I was prescribed the antibiotic Cipro before even taking the tests though. There was obviously something wrong with me and antibiotics are used to treat pouchitis. But I did test negative for C-diff.

Dr. Freshman wanted me to call him immediately if I was still feeling just as bad three days later. If that was the case, a CT Scan would need to happen to see if something else was causing the problems.

The antibiotics did seem to help at first, especially during the three-day time period Dr. Freshman had laid out. So, I didn’t contact him.  

Feeling like a failure

At this point, I felt like I had failed a test and I doubted my future with the j-pouch.
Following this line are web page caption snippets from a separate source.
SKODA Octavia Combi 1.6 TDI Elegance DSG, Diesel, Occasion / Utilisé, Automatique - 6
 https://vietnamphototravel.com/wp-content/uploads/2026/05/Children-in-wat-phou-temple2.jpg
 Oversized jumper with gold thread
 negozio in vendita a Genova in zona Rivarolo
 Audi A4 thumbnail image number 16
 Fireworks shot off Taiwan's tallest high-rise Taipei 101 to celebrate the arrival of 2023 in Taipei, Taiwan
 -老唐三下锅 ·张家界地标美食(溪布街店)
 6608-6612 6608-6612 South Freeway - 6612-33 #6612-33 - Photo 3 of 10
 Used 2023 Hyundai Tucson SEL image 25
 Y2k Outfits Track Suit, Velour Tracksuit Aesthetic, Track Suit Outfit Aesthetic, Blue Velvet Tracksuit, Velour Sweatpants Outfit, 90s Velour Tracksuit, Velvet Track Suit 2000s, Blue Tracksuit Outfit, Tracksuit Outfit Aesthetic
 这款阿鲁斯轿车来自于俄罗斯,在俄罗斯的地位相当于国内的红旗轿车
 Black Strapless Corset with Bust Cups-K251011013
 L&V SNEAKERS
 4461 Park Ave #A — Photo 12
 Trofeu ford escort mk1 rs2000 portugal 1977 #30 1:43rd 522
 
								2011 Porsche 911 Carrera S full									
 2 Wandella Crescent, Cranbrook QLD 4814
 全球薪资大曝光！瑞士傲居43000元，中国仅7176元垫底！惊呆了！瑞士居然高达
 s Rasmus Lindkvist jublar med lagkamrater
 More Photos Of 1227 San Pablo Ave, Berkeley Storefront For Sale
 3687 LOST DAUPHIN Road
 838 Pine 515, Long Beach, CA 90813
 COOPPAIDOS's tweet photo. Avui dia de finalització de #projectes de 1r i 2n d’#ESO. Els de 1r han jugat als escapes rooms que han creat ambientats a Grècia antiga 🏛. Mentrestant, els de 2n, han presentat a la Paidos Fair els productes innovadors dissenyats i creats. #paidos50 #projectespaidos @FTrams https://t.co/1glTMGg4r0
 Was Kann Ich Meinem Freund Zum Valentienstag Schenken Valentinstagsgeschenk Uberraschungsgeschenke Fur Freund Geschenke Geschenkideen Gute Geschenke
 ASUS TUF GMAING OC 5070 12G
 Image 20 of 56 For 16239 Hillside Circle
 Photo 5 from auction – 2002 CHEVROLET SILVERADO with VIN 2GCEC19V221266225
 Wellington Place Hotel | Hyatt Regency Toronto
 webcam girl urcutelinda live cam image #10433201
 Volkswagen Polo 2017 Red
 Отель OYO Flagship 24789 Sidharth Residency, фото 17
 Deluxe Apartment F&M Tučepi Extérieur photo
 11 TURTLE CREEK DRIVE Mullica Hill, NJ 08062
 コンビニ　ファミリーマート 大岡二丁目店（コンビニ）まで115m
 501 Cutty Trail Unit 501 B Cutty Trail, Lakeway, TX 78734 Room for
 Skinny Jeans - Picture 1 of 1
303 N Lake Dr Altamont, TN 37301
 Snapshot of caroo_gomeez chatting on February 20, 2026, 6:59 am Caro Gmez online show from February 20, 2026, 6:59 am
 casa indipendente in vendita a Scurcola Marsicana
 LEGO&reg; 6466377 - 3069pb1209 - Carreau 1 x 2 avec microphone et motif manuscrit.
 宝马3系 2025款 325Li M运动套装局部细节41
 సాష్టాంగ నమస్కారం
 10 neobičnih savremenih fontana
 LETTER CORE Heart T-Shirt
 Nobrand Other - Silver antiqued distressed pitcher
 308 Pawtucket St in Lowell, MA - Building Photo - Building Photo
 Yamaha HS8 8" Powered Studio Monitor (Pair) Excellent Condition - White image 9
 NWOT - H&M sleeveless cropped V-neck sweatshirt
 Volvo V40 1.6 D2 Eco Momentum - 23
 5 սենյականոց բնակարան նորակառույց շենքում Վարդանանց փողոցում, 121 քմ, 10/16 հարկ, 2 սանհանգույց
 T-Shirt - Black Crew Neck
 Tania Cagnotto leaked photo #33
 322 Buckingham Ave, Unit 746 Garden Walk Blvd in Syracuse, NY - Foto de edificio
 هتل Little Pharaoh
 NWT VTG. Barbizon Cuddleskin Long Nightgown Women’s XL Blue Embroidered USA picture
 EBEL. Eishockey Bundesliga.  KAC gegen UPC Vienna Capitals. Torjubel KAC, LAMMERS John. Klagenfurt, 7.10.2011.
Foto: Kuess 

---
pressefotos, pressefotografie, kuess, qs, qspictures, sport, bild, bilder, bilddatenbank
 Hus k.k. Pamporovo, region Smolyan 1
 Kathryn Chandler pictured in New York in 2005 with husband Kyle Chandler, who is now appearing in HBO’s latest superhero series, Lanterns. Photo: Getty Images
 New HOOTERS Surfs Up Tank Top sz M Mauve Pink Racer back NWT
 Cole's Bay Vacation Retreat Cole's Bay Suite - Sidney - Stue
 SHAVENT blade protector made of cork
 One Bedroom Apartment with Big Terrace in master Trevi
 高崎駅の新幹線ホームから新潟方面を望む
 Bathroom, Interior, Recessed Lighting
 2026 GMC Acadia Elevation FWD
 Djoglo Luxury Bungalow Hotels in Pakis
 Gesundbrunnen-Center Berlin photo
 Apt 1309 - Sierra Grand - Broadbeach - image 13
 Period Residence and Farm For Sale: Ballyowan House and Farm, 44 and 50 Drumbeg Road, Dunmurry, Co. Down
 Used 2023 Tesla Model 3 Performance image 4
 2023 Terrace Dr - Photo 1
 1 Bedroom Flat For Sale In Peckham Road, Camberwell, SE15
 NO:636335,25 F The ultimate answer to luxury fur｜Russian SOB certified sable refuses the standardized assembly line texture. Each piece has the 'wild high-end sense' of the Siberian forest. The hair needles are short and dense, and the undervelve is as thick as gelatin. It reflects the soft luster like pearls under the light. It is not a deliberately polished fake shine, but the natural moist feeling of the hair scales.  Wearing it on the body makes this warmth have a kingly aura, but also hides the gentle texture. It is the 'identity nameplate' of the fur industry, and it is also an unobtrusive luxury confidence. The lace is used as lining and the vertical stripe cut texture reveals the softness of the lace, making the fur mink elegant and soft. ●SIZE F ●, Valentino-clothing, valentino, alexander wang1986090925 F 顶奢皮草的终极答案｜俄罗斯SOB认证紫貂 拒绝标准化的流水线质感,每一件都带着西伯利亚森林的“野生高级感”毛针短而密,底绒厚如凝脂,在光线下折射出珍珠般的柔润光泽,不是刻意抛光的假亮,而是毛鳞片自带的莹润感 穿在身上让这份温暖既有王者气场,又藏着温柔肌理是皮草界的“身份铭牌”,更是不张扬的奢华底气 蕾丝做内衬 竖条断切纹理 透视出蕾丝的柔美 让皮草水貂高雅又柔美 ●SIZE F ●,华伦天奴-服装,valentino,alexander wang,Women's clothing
My j-pouch was already not working.

I tried to remind myself that a lot of people experience at least one case of pouchitis in their lifetime. Mine just happened right after I got my j-pouch. The light at the end of the tunnel seemed a little further away to me.

Although I initially saw some improvement, my pain was still serious, especially at night, and I felt the Norco wasn’t working as well as before. I pulled a muscle in my back from all the squirming around I was doing at night because of pain. Occasionally, I felt nauseous as well.

Post Operative Ileus Round #2: 11 days, Sunday, September 25th – Wednesday, October 5th

My second round of post operative ileus happened suddenly, like someone flicking a switch. I feel like there must have been a transition but honestly, I can’t pinpoint the change. It was BOOM-all of a sudden, I was in extreme excruciating pain.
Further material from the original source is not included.